▶ [WHAT TO WORK ON] For the material below, the expected output is exactly the lines between the line holding "HONDA CR-V 2005 jhlrd78595c028568" and the line holding "Backstage -newbie mila", inclusive, with pictures left out.

◆ ◆ ◆ ◆

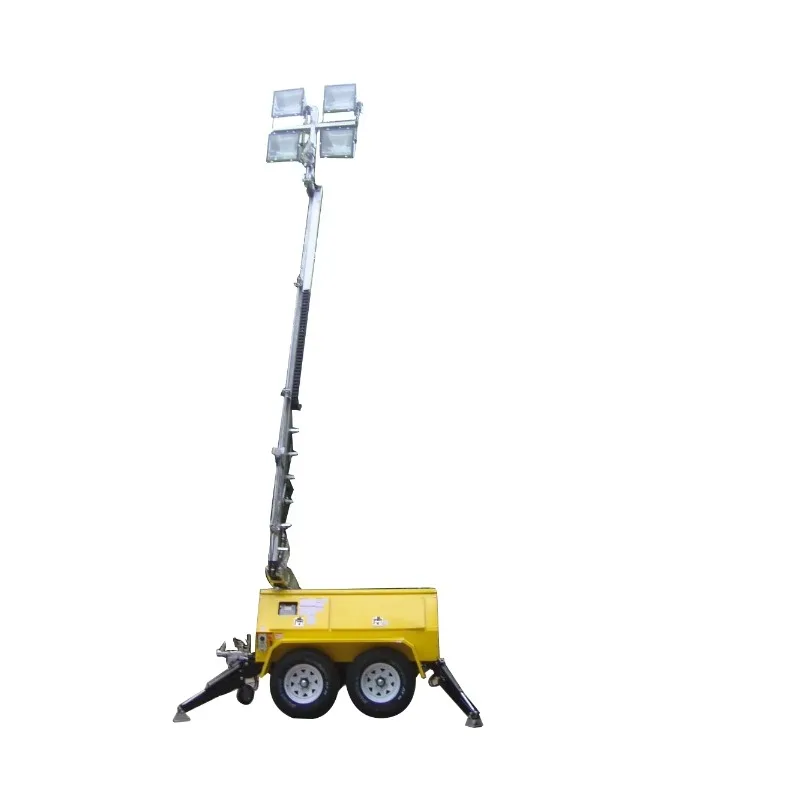 Rapid Deploy Towable Lighting Tower with Extended Height Mast for Highway Response and Bridge Inspections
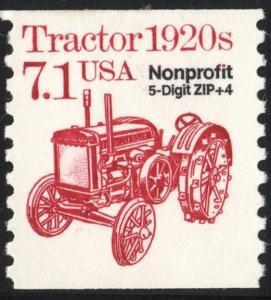 SC#2127b 7.1¢ Tractor Precancel Coil Single (1989) MNH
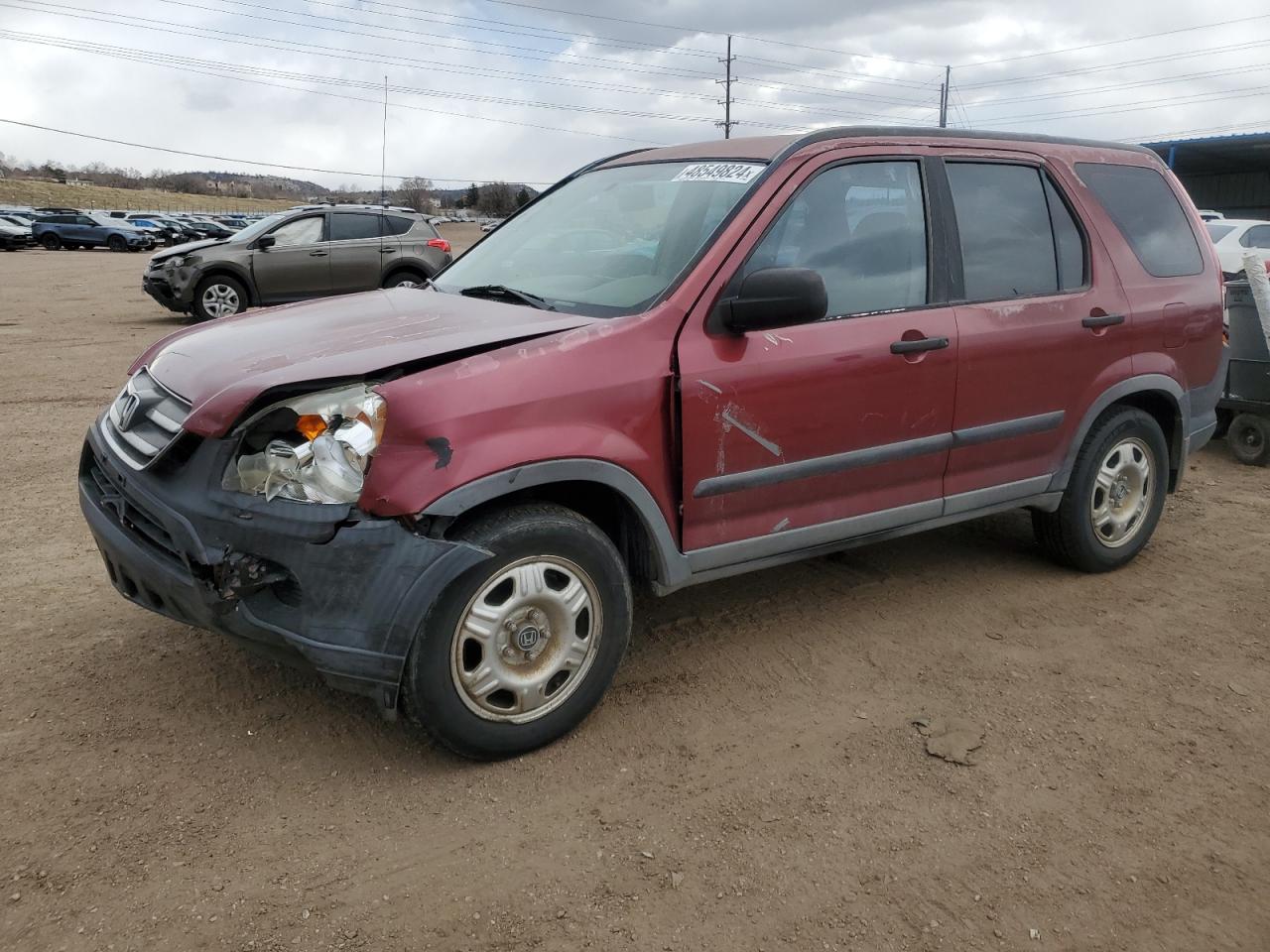 HONDA CR-V 2005 jhlrd78595c028568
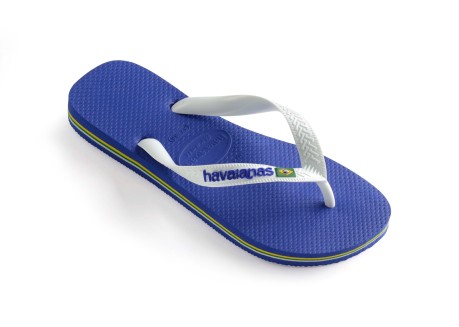 Flip-flops Brasil Logo blau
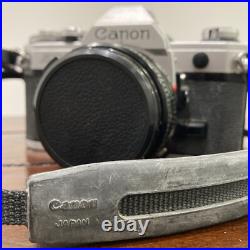 Vintage Canon AE-1 Camera 50mm Lens Japan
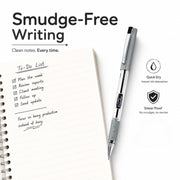 Linc 0.55mm Executive SL-500 Gel Pen | Water-Proof Ink & Textured Grip (Black Ink, Pack of 10)
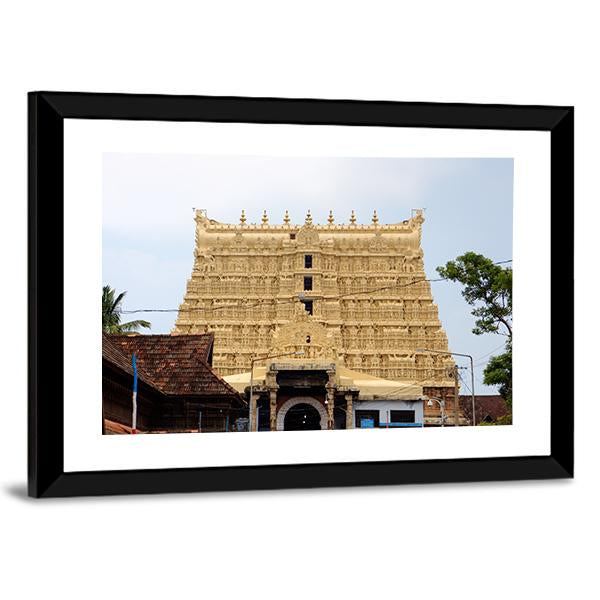 Temple Of Thiruvananthapuram Canvas Wall Art-3 Horizontal-Gallery Wrap-25" x 16"-Tiaracle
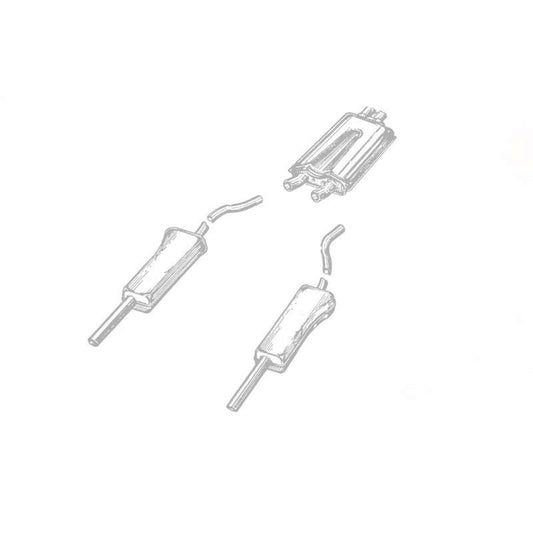QuickSilver HA007 Honda S800 - Stainless Steel Exhaust | ML Performance US Car Parts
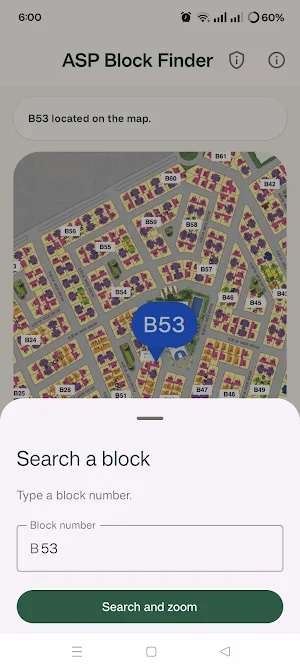 ASP Block Finder (ASapP) Screenshot 2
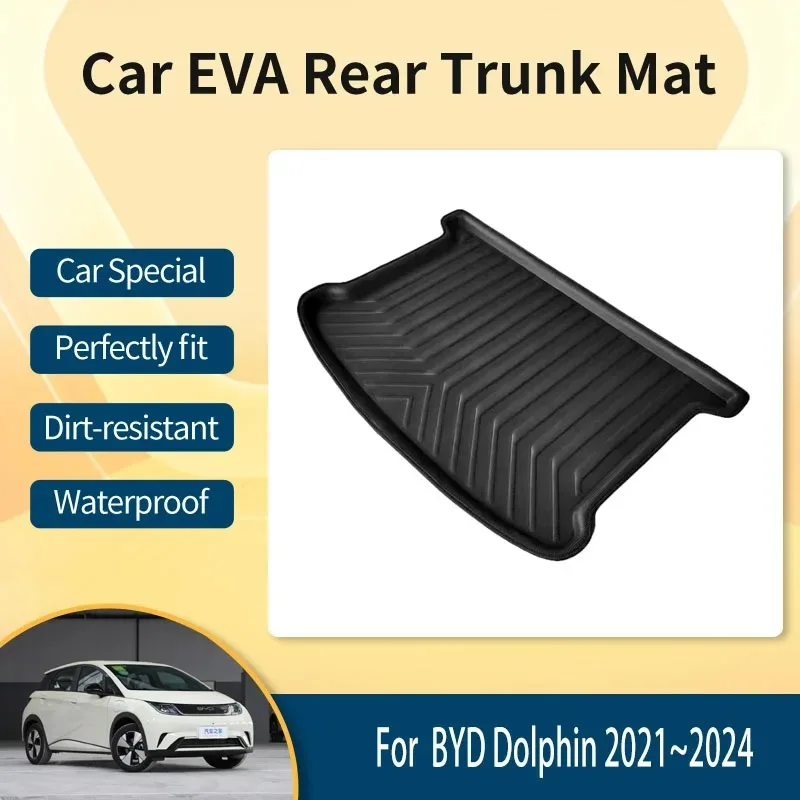 Коврик для заднего багажника автомобиля для BYD Dolphin 2021 2022 2023 2024, антигрязный коврик, Muds, чехлы для ботинок, аксессуары для автомобиля
Коврик для заднего багажника автомобиля для BYD Dolphin 2021 2022 2023 2024, антигрязный коврик, Muds, чехлы для ботинок, аксессуары для автомобиля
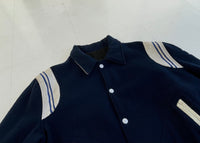 60s Vintage Varsity Jacket Navy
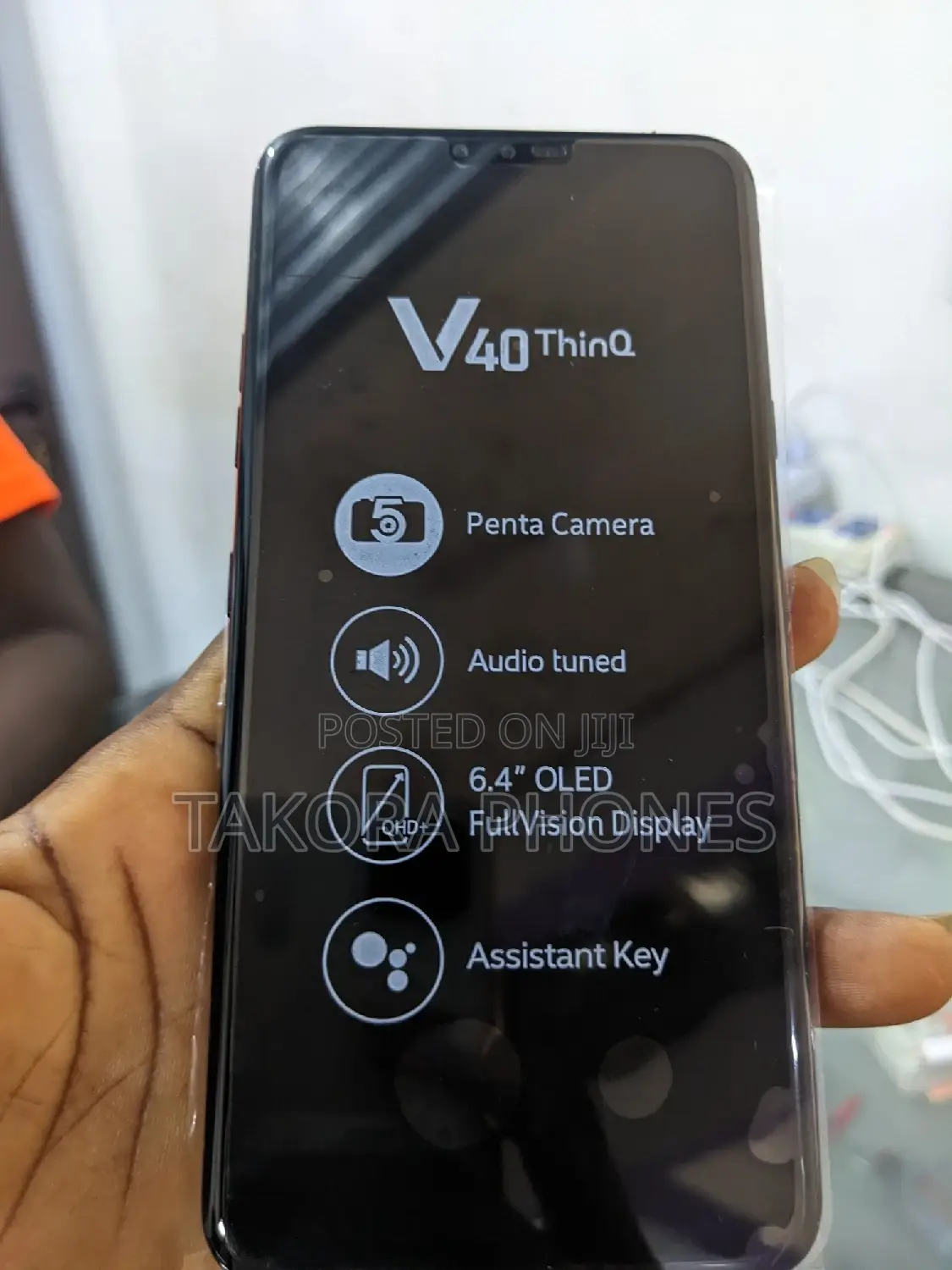 New LG V40 ThinQ 64 GB Black
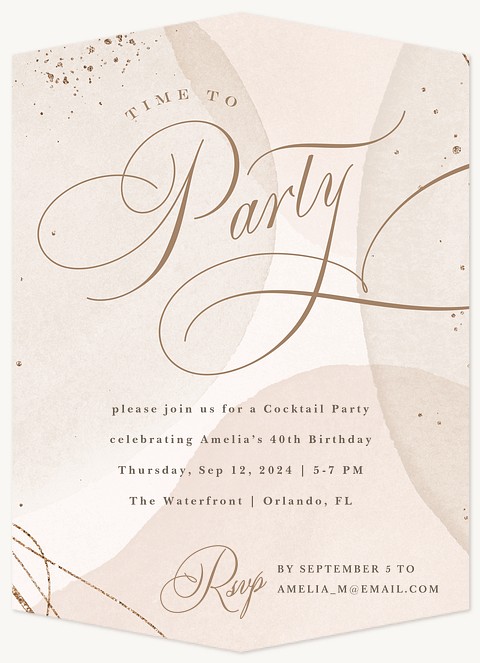 Time to Party Adult Birthday Party Invitations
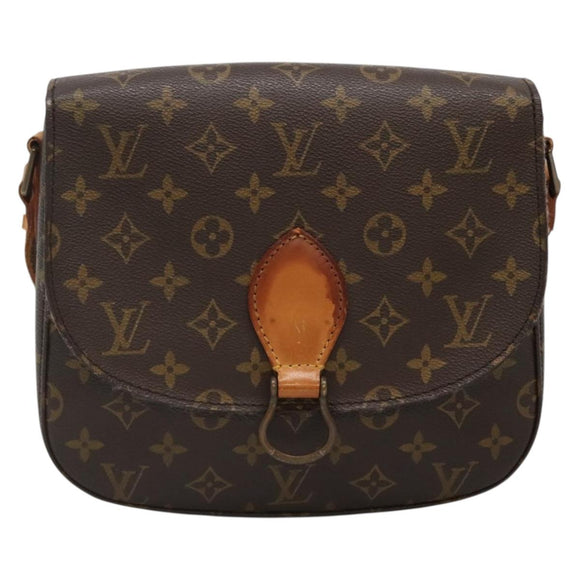LOUIS VUITTON Monogram Saint Cloud GM Shoulder Bag M51242 LV Auth 142261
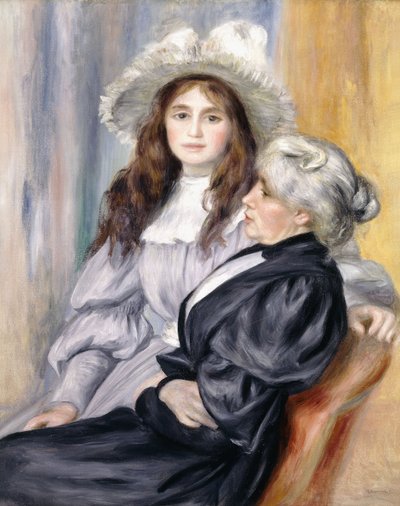 Berthe Morisot i jej córka, Julie Manet, 1894 autorstwa Pierre Auguste Renoir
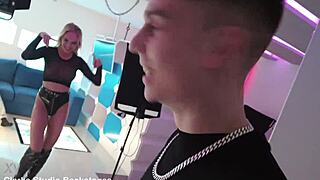 Backstage -newbie mila ray and her first time in porn 1on1 with monster cock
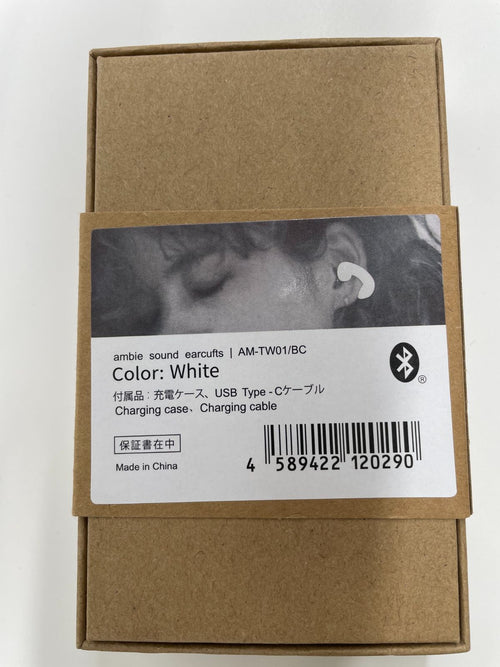 Wireless Earphone Ambie( Sound Earcuffs Am-Tw01/Bc Color White
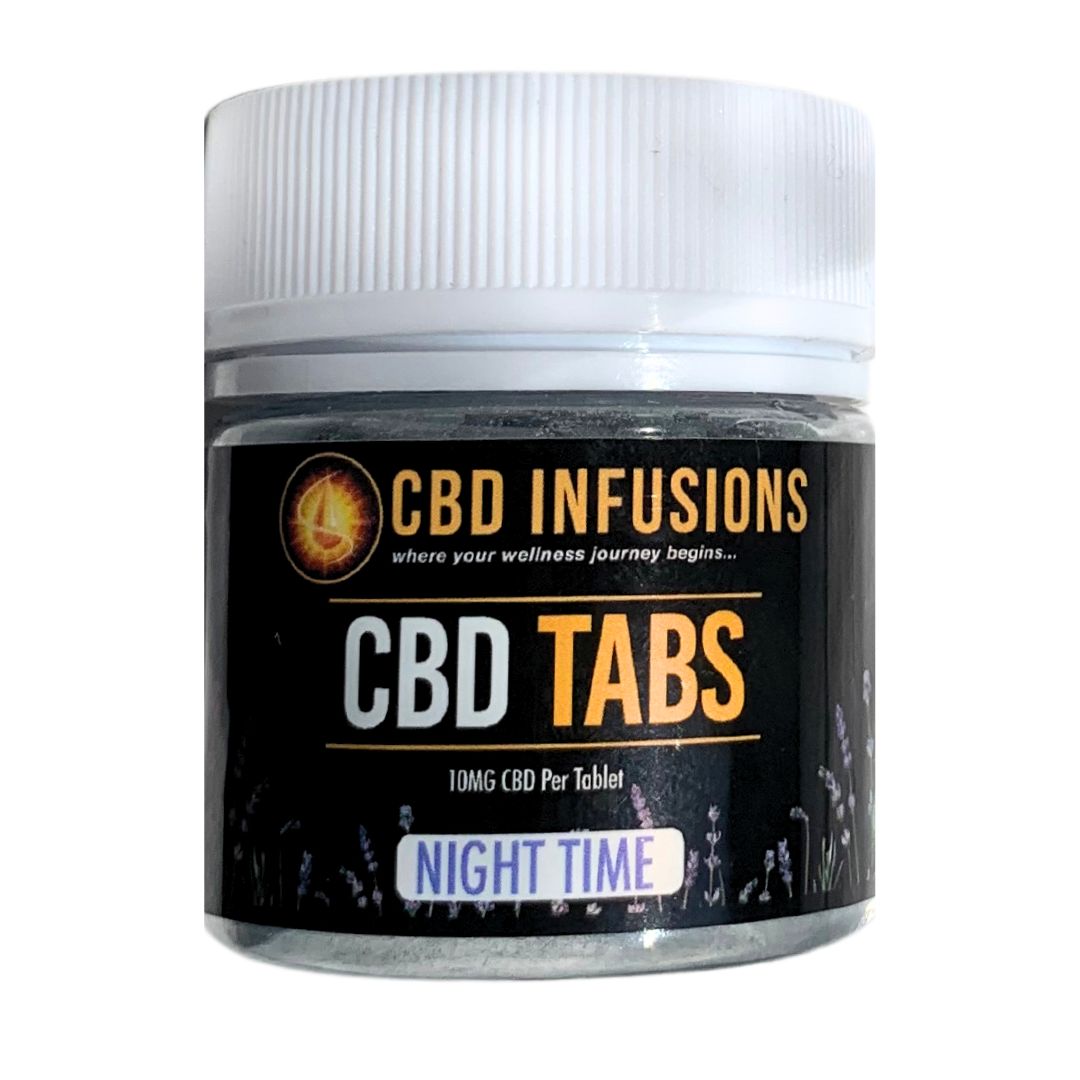  CBD Infusions Tabs 10mg Nighttime 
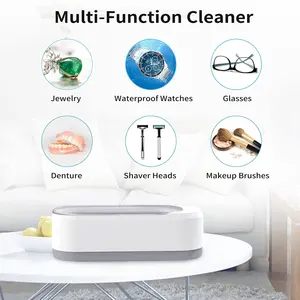 2024 New Ultrasonic Jewelry Cleaner 350ml 15w 46khz Portable Jewelry Glasses Ultrasonic Cleaner Jewellery Washing Machine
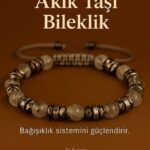 Sertifikalı Çizgili Gri Akik Taşı Bileklik 6x6 mm – Bağışıklık ve Dayanıklılık Taşı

◆ ◆ ◆ ◆

▶ [EXPECTED ANSWER]
 HONDA CR-V 2005 jhlrd78595c028568
 Flip-flops Brasil Logo blau
 Vintage Canon AE-1 Camera 50mm Lens Japan
 Linc 0.55mm Executive SL-500 Gel Pen | Water-Proof Ink & Textured Grip (Black Ink, Pack of 10)
 Temple Of Thiruvananthapuram Canvas Wall Art-3 Horizontal-Gallery Wrap-25" x 16"-Tiaracle
QuickSilver HA007 Honda S800 - Stainless Steel Exhaust | ML Performance US Car Parts
 ASP Block Finder (ASapP) Screenshot 2
 Коврик для заднего багажника автомобиля для BYD Dolphin 2021 2022 2023 2024, антигрязный коврик, Muds, чехлы для ботинок, аксессуары для автомобиля
Коврик для заднего багажника автомобиля для BYD Dolphin 2021 2022 2023 2024, антигрязный коврик, Muds, чехлы для ботинок, аксессуары для автомобиля
 60s Vintage Varsity Jacket Navy
 New LG V40 ThinQ 64 GB Black
 Time to Party Adult Birthday Party Invitations
LOUIS VUITTON Monogram Saint Cloud GM Shoulder Bag M51242 LV Auth 142261
 Berthe Morisot i jej córka, Julie Manet, 1894 autorstwa Pierre Auguste Renoir
 Backstage -newbie mila ray and her first time in porn 1on1 with monster cock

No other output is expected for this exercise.